In your reply, repeat the full listing exactly and leave each picture out.

BEGIN Given data

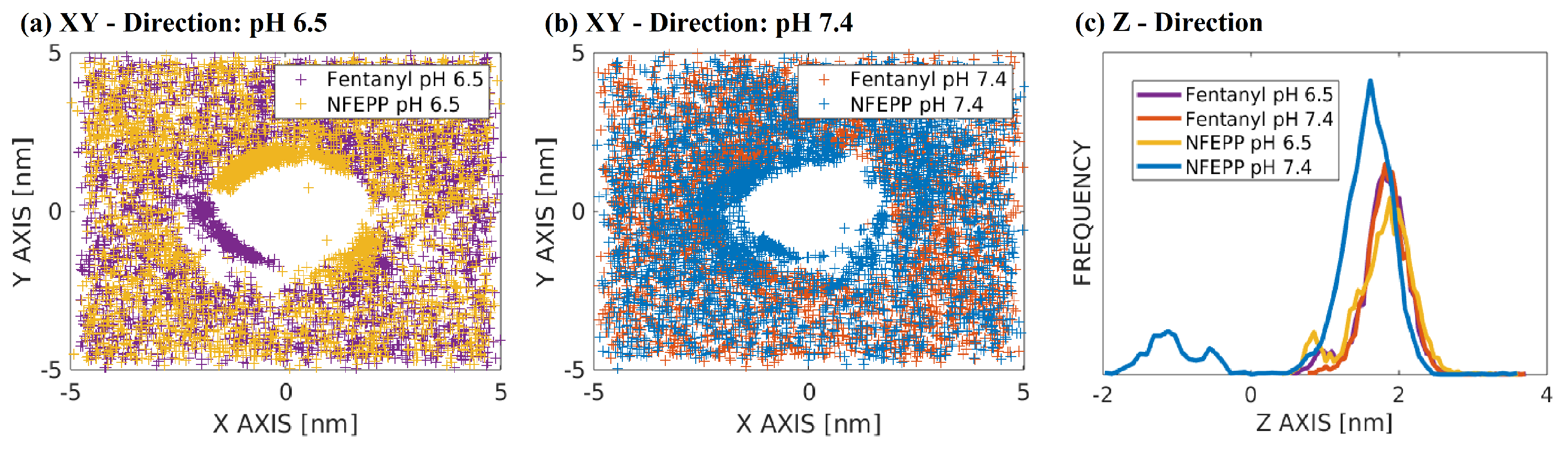 Biophysica 03 00017 g003 Biophysica 03 00017 g003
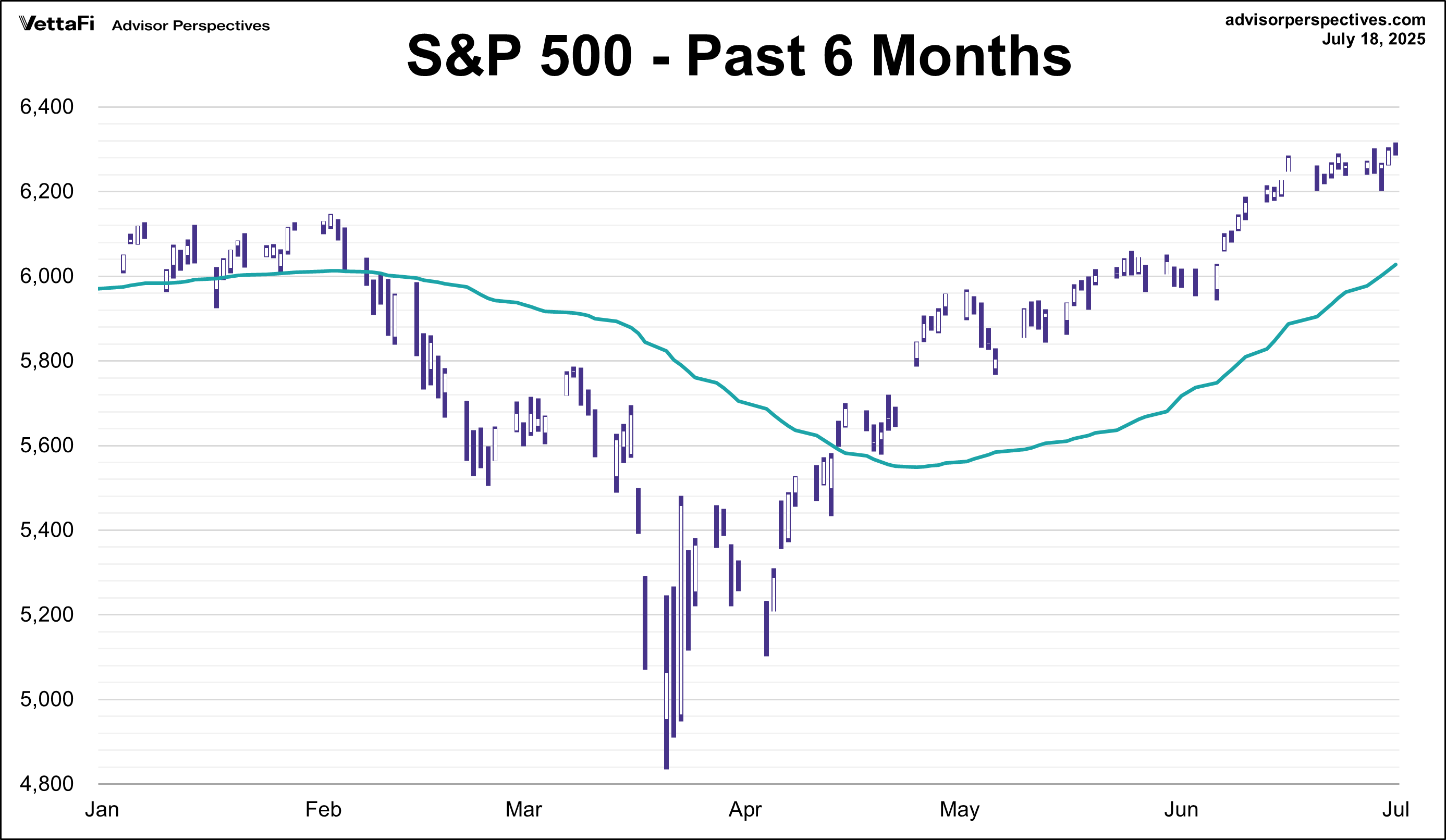 S&P 500 - Past 6 Months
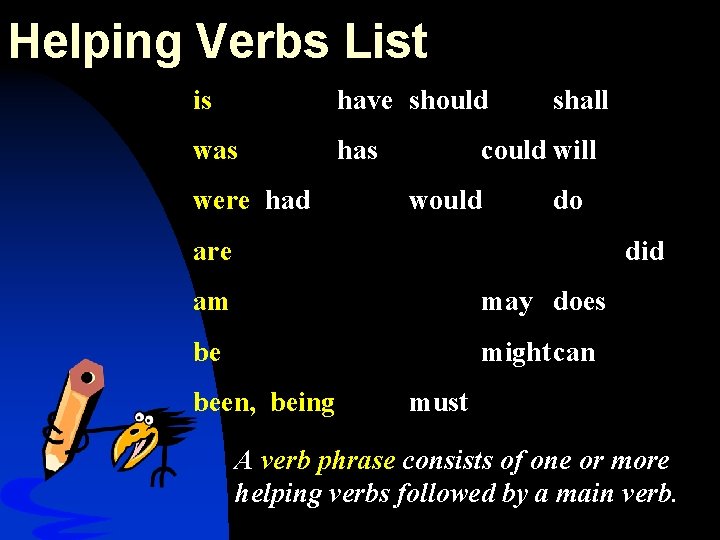 Helping Verbs List is have should was has were had shall could will would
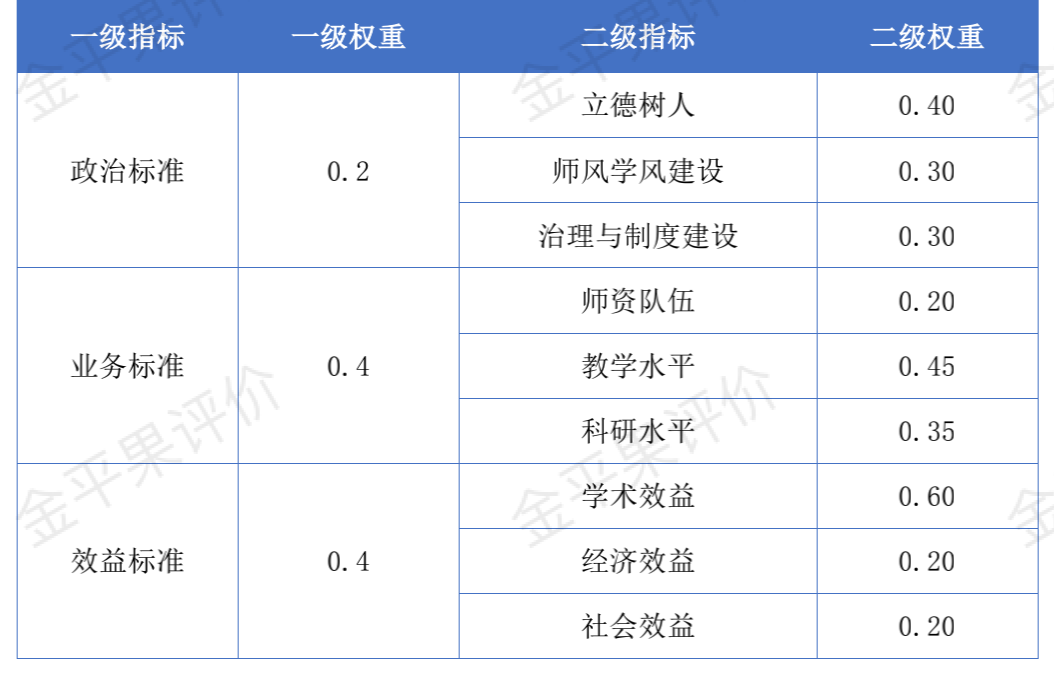 2021年中國本科院校競爭力評價指標(biāo)體系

END Given data

**Solution for this problem:**
 Biophysica 03 00017 g003 Biophysica 03 00017 g003
 S&P 500 - Past 6 Months
 Helping Verbs List is have should was has were had shall could will would
 2021年中國本科院校競爭力評價指標(biāo)體系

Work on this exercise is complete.